The best advice I can give you is to build your application with abstractions to the data model (not ORM) so for instance if you want to fetch a friend list from a user_id I would build an interface for the "friend storage" which will have the method of fetch_friends(user_id):friend_ids by keeping a good abstraction you can swap out the underlying implementation when the need arises.

I myself used this method for some similar purpose in storing user data. Started off with MongoDB (my data was schema-less) when the load became too much for a single server (before MongoDB had proper sharding) moved on to Riak and when requiring better SLAs for the clients (Riak isn't all that reliable) moved on to some propriety solution. Each move required large overheads in development and integration time, but by then we had the resources to make such a move.

IMHO, if I were you, I would start off with MySQL so that I don't need to think about durability or consistency or persistence and swap it out when I hit some bump.
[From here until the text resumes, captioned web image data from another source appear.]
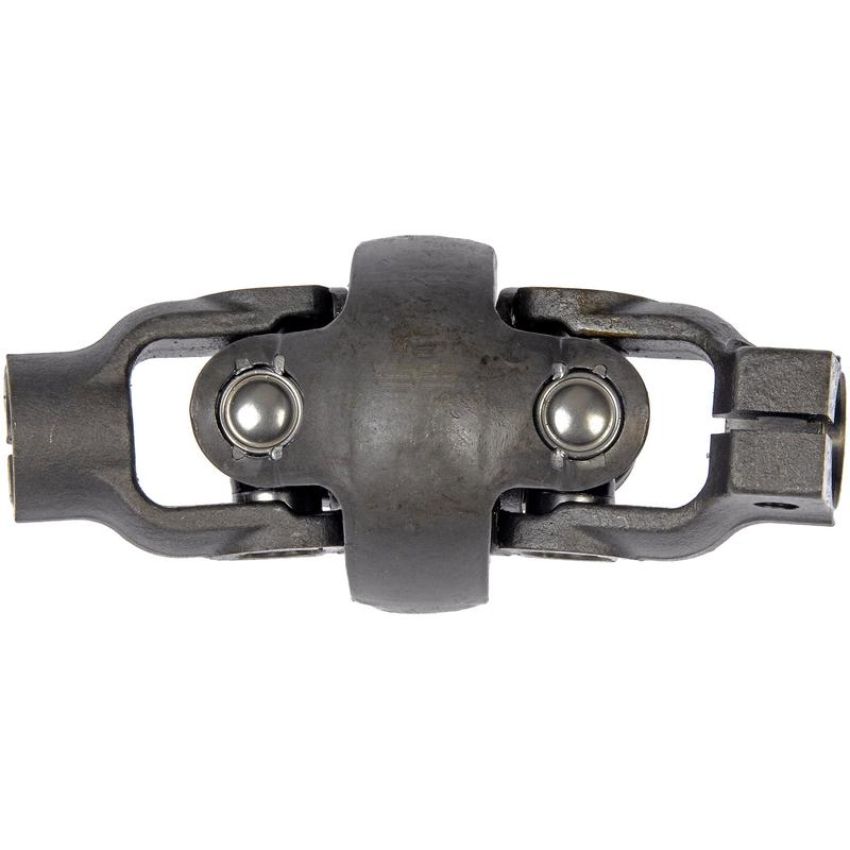 DORMAN 425-352 Steering Shaft Joint Assembly
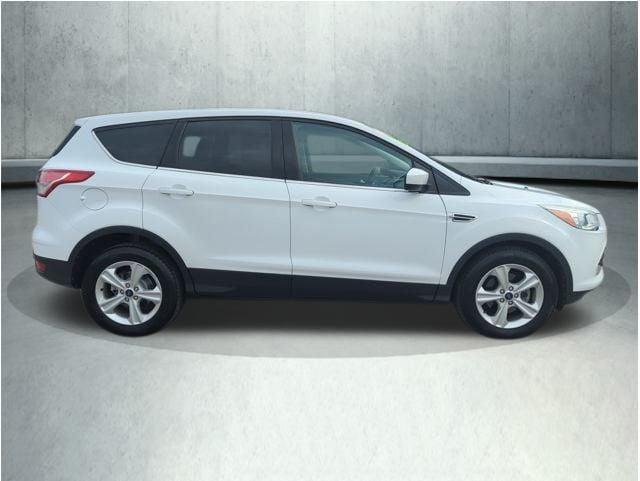 used 2016 Ford Escape car, priced at $10,000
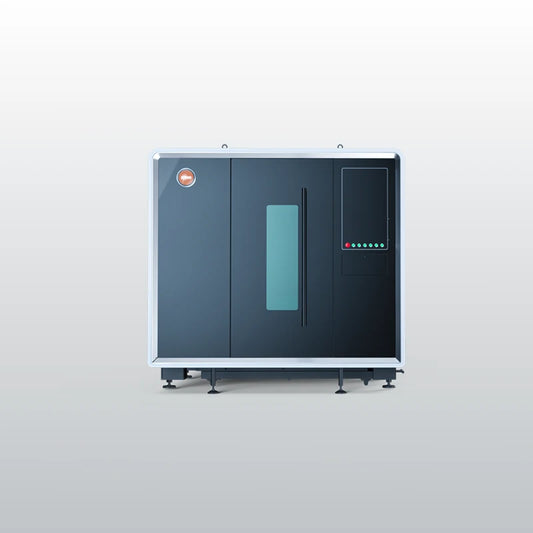 XT-G1530 | Fiber lemezlézervágó gép | 1530×3050 mm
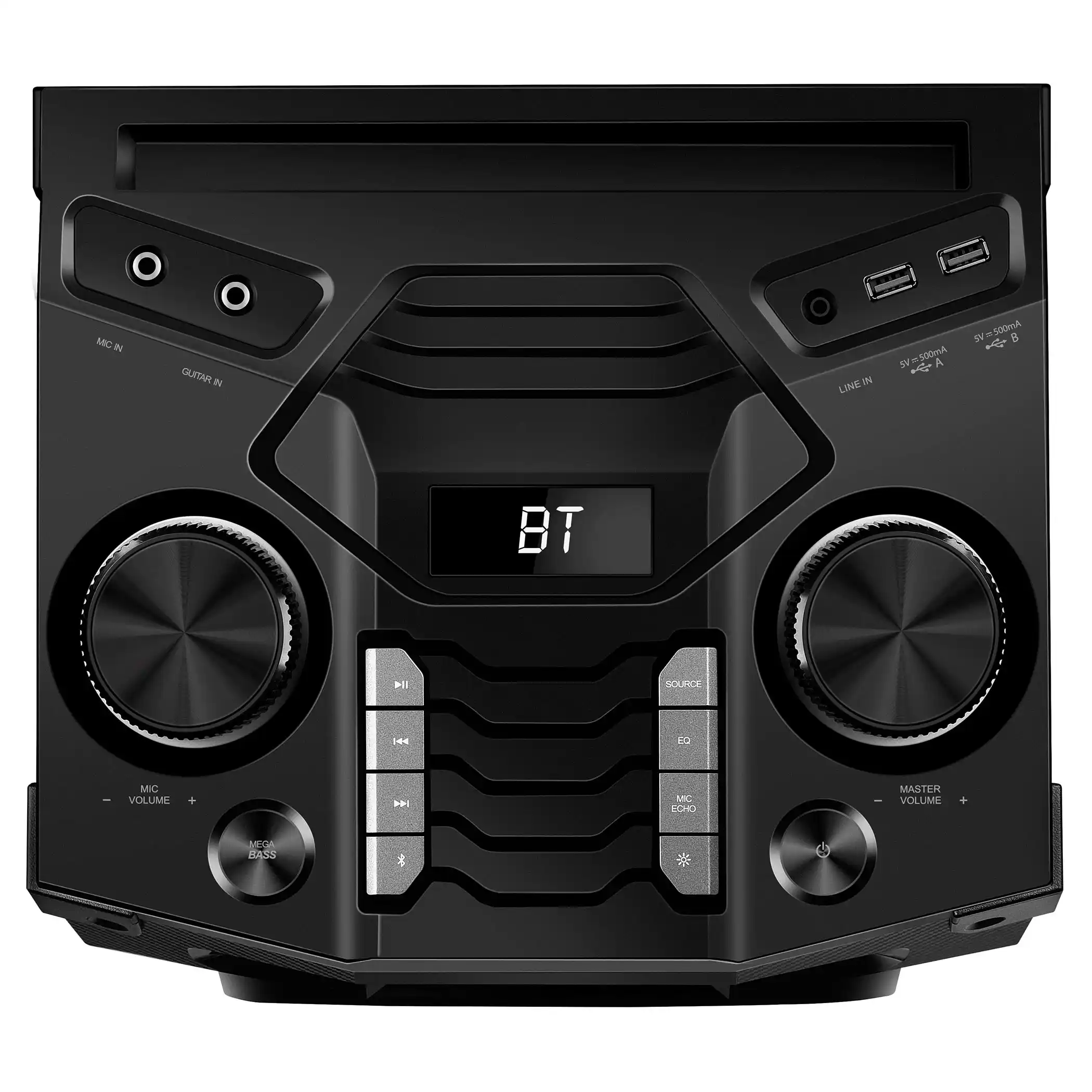 https://www.qolnexvarzi.info/images/products/big/104648.webp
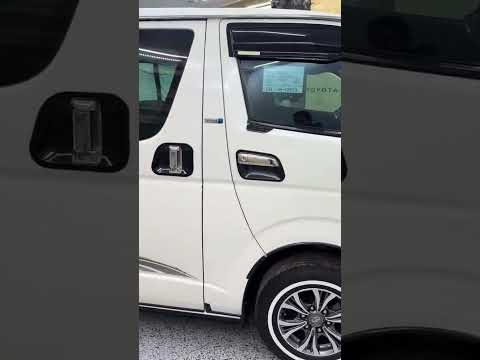 ميكروباص تويوتا 2022 ب300 الف جنية الاستلام الفوري ميكروباص تويوتا 2022 ب300 الف جنية الاستلام الفوري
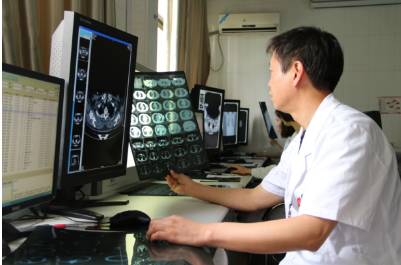 摄影大赛优秀作品,摄影比赛阳光成长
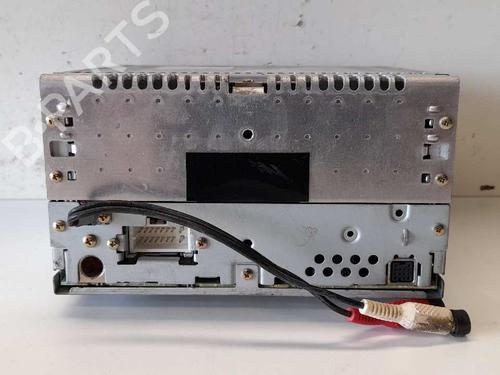 Radio KIA CARNIVAL I (UP) 2.5 V6 | BP12766114E6 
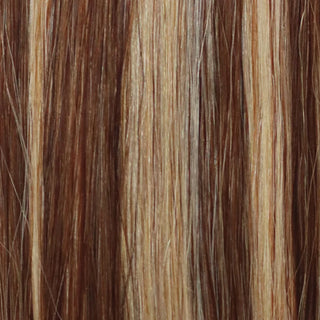 Buy f4-27 EVE HAIR - DRAWSTRING (FHP-355)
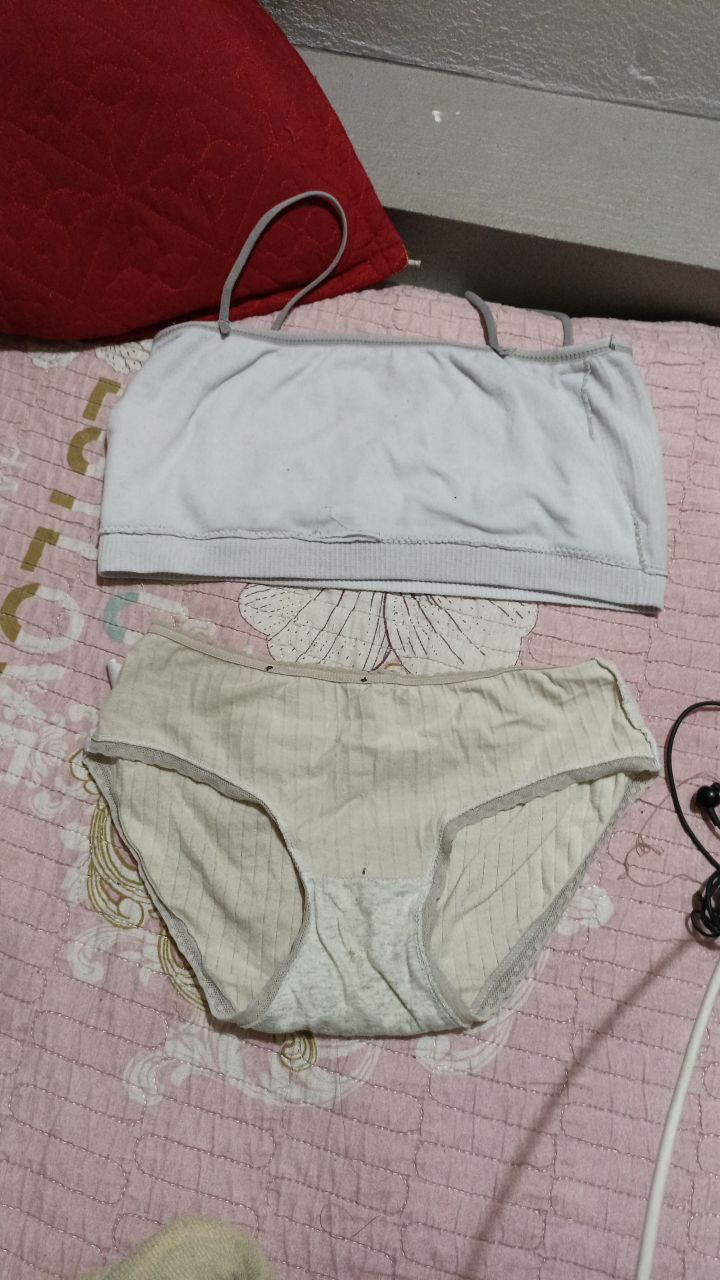 626616-a2959ba84528.jpeg
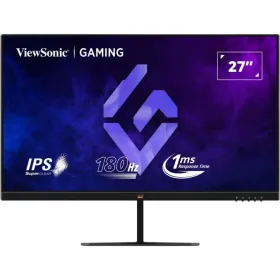 Monitorius ViewSonic VX2779-HD-PRO Full HD 27
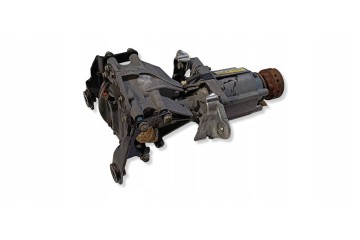 Bridge rear differential Ford Explorer 2011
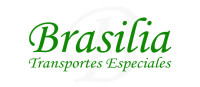 Nova brasilia transportes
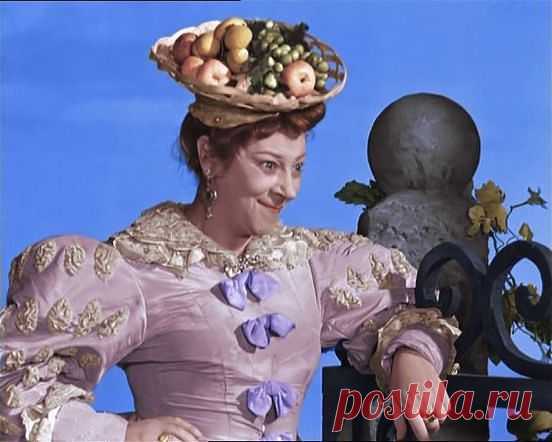 Брачные узы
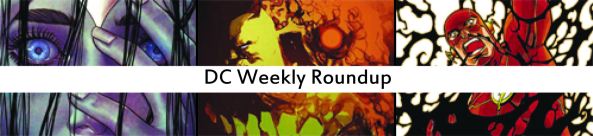 dc-roundup63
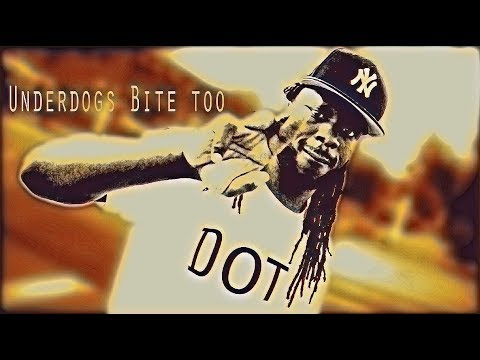 thumbnail img16x9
SQL vs. NoSQL review: http://www.sigmod.org/publications/sigmod-record/1012/pdfs/04.surveys.cattell.pdf

"Scalable RDBMSs thus have an advantage over the NoSQL data stores, because you have the convenience of the higher-level SQL language and ACID properties, but you only pay a price for those when they span nodes."

playOrm allows you to store relational data in a noSQL store and still allow that data to scale as the system grows so have the best of both worlds.